Saying silence is equivalent to violence, more than 120 people marched down Main Avenue and gathered in Buckley Park to protest violence against Asian Americans and Pacific Islanders on Sunday.
The Rally & March for Asian Solidarity and Racial Justice began with the assembled crowd marching on Main Avenue and returning to Buckley Park for several speeches decrying what one speaker said was a 120% increase in crimes against Asians in the United States in 2020.
As they marched on Main Avenue the crowd shouted “silence is violence.”
Gina Lopez, a member of the Ute Mountain Ute Tribe, said white supremacy and racism has led people to dehumanize the six Asian women who were killed in the March 16 Atlanta-area mass shooting at three massage businesses as “sex workers.”
“White supremacy and racism allows us to make assumptions based on stereotypes,” she told the crowd.
Lopez said dehumanizing people is a big factor behind hate crimes against people of racial and ethnic minorities.
Of the eight people who were killed in the Atlanta shooting, six were women of Asian descent – including four who have been identified as ethnic Koreans, ranging in age from 51 years old to 74. One was a South Korean citizen.
The Asian women killed in the shooting were Hyun Jung Grant, 51; Xiaojie Tan, 49; Yong Ae Yue, 63; Suncha Kim, 69; Soon Chung Park, 74; and Daoyou Feng, 44. Two customers at the businesses were also killed, Delaina Ashley Yaun, 33, and Paul Andre Michels, 54.
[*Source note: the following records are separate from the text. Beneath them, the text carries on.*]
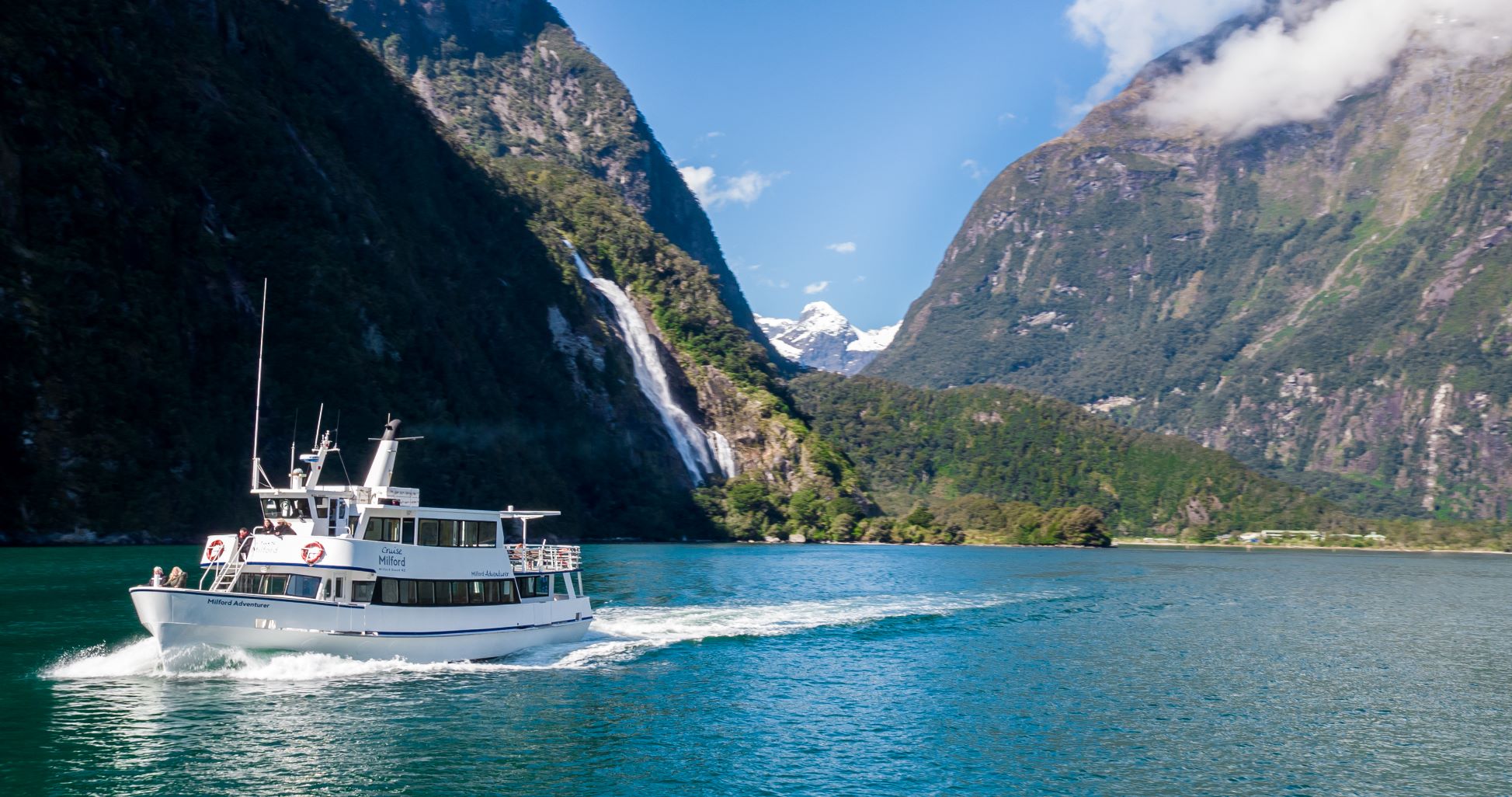 milford sound cruise cost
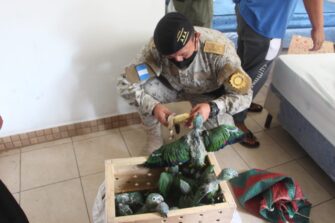 Encuentran a 54 loros abandonados en hotel de Petén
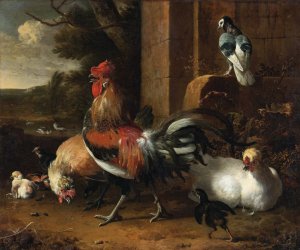 A Poultry Yard by Melchior D'Hondecoeter Oil Painting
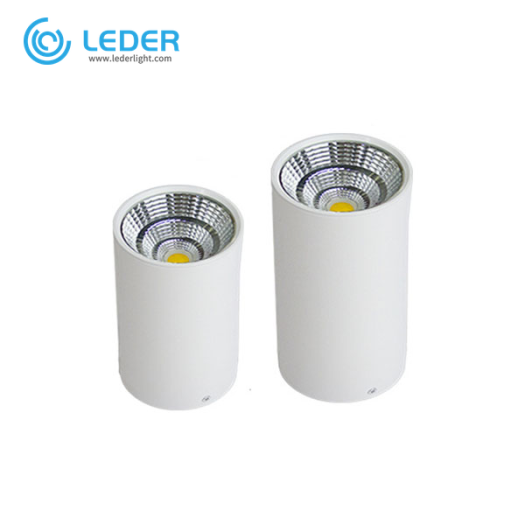 LEDER Lighting Design COB 3W LED Downlight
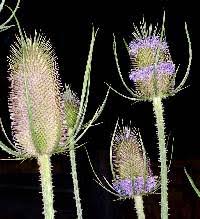 Image result for Dipsacaceae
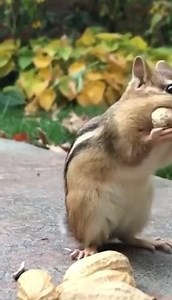 🤍🤎💚 | Animal World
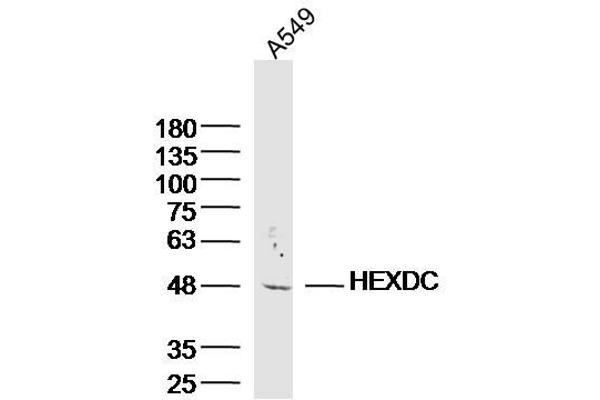 HEXDC Antikörper  (AA 1-100)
Roxanne Benefiel said as a white woman she struggled with her speech after being asked to address the rally.
“When I was asked to speak about white silence, I was terrified,” but she said as a member of a family who traced its roots back in the Durango area five generations, she “realized what it took to settle here.”
Remaining silent about violence directed against minorities is no longer an option, she said.
“It’s never too late to speak up. It’s our responsibility as white people to keep our peers accountable,” she said.
Lynne Sholler, a Durango civil rights attorney, said she attended the rally to show solidarity with the Asian community.
She said she represents a client who has been discriminated against in Durango, and it’s important to battle racism not only in courts but publicly like at Sunday’s rally.
“It seems invisible to us white folks, but Durango is not the paradise we make it out to be,” she said.